I appreciate that my opinion about this book is contrary to all these raving reviews. However I found it boring, confusing and tedious to listen to. Maybe it was the monotone voice of the narrator but I had problems following the story line and had to rewind several times. For me it was an ordeal to finish the book and I only did it because it had won the Booker Prize (hence I feel guilty for not liking it..)
"Brilliant follow on to Wolf Hall"
Thoroughly enjoyed this book and can't wait for the final installment. We all know what will happen to Cromwell but with these two Hilary Mantel books you can't help but like him and empathise and sympathise with him and the difficulties he had being the chancellor of the Exchequer at the court of Henry V111.
"Captivating - but not as much as Wolf Hall"
I loved Wolf Hall, and, although I really enjoyed this sequel, I missed the complexity of tension without the flux of Cromwell's fortune intertwined with that of the royal house.
Having read Wolf Hall in paperback I decided to listen to this one, and am glad I did.
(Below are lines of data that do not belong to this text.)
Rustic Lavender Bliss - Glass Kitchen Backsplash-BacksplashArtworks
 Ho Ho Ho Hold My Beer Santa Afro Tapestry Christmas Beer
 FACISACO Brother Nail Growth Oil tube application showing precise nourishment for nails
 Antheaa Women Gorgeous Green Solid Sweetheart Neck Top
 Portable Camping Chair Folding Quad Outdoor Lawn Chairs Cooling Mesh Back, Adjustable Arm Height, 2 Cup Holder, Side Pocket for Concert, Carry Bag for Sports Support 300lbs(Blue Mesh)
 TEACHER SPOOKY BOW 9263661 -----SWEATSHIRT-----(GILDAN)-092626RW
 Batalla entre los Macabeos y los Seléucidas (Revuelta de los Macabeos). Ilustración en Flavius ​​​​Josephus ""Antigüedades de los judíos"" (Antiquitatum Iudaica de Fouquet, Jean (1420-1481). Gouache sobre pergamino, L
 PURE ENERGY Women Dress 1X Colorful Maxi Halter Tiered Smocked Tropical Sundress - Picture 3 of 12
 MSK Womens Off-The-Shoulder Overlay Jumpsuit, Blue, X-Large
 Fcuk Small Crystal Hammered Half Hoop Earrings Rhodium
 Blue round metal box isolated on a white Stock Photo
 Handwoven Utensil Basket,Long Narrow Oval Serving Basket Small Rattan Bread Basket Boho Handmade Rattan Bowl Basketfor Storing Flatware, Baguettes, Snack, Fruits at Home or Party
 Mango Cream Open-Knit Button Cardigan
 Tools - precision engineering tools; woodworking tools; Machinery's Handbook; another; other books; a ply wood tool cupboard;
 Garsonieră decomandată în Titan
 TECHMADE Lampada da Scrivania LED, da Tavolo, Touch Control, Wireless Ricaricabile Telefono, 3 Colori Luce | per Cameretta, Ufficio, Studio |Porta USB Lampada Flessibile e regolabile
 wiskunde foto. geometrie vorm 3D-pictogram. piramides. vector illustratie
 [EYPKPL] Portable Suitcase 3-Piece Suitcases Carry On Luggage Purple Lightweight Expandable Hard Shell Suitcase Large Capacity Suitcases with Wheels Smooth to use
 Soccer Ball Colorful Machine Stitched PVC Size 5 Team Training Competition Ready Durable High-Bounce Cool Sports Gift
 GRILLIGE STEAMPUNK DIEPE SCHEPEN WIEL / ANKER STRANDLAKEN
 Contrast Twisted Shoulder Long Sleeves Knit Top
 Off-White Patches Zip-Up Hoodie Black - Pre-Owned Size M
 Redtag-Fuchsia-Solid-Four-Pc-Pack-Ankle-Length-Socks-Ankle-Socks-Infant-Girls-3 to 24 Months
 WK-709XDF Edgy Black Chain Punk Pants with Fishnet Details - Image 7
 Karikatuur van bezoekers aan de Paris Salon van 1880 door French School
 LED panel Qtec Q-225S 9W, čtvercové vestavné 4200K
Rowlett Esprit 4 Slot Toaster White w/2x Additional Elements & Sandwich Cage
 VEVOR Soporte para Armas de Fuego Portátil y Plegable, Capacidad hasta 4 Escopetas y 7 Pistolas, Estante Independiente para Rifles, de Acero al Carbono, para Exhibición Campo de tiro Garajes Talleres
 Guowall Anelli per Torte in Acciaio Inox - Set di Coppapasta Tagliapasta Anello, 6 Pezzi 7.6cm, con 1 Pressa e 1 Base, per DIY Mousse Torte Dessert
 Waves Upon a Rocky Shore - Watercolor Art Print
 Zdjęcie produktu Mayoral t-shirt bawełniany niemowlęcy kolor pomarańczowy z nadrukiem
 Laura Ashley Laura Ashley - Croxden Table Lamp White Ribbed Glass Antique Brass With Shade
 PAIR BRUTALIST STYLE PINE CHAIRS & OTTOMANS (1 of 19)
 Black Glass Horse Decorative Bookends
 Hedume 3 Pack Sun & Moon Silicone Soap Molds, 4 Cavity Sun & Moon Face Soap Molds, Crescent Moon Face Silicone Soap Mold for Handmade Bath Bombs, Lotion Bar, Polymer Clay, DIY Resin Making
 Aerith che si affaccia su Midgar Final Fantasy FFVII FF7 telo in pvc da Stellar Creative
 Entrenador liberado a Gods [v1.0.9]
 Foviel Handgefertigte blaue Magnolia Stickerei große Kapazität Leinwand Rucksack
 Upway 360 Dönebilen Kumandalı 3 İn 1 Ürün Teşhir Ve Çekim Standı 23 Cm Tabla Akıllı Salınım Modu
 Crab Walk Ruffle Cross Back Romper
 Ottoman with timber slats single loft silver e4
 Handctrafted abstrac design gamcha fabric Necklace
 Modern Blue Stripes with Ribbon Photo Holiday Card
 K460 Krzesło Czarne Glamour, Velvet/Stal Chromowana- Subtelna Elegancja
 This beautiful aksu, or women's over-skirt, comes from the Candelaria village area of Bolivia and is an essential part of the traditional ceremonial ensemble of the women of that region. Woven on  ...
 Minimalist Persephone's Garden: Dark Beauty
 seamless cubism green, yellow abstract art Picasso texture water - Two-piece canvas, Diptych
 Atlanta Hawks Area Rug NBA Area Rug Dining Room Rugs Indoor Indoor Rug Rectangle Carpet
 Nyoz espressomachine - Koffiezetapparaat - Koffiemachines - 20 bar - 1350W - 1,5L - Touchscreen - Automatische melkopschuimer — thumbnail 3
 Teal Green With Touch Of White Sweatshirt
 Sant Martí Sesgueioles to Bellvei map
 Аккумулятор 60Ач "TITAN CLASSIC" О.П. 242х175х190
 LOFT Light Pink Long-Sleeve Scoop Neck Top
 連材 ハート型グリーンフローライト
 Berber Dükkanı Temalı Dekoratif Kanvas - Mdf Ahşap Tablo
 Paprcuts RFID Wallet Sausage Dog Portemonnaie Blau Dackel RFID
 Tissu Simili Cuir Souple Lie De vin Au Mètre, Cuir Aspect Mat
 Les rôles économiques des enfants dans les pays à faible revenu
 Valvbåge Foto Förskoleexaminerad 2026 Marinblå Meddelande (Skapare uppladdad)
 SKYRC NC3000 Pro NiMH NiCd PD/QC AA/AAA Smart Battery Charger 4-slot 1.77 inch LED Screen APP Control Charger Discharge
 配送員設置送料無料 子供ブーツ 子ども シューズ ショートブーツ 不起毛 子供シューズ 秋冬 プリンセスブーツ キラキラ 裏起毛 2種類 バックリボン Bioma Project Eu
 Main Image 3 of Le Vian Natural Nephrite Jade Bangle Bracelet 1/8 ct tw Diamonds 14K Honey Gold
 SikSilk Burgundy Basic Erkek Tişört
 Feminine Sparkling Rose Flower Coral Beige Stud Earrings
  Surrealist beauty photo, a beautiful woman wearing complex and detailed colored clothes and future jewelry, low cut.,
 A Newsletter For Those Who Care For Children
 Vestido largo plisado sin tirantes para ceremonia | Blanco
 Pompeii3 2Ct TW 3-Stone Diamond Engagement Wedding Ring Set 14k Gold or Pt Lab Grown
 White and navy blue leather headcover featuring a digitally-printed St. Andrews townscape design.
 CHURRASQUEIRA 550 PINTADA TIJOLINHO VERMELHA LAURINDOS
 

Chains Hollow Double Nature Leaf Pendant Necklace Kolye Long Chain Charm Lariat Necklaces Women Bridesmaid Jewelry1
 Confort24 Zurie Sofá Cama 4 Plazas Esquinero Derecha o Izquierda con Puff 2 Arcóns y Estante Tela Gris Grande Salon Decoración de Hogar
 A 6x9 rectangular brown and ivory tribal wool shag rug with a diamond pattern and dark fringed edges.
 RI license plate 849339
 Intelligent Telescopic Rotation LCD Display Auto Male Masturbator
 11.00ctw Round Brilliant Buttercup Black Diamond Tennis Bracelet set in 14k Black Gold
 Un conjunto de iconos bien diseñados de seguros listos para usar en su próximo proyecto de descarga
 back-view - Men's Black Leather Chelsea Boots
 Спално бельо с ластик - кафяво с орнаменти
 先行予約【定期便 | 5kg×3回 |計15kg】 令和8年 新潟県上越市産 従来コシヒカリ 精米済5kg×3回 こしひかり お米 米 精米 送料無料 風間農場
I became completely immersed in Cromwell's world, with all the twists, turns and intrigues, and didn't want it to end. I know it's fiction, but it has sent me back to the history books!
This was my first book narrated by Simon Vance but I thought he read remarkably well - he seemed believable, and no annoying accents. I am just listening to another book where the reader seems to find it necessary to use a very wide range of regional accents to differentiate voices and goes very high-pitched for children's voices, making a 14 year old sound like a 6 year old, which is very distracting and annoying - Simon Vance doesn't do that! He manages the rare feat of having an actively enjoyable voice that doesn't distract.
Great author, great reader, great book - helps that the 'plot' is real! I'd highly recommend it (obviously after reading/hearing Wolf Hall first).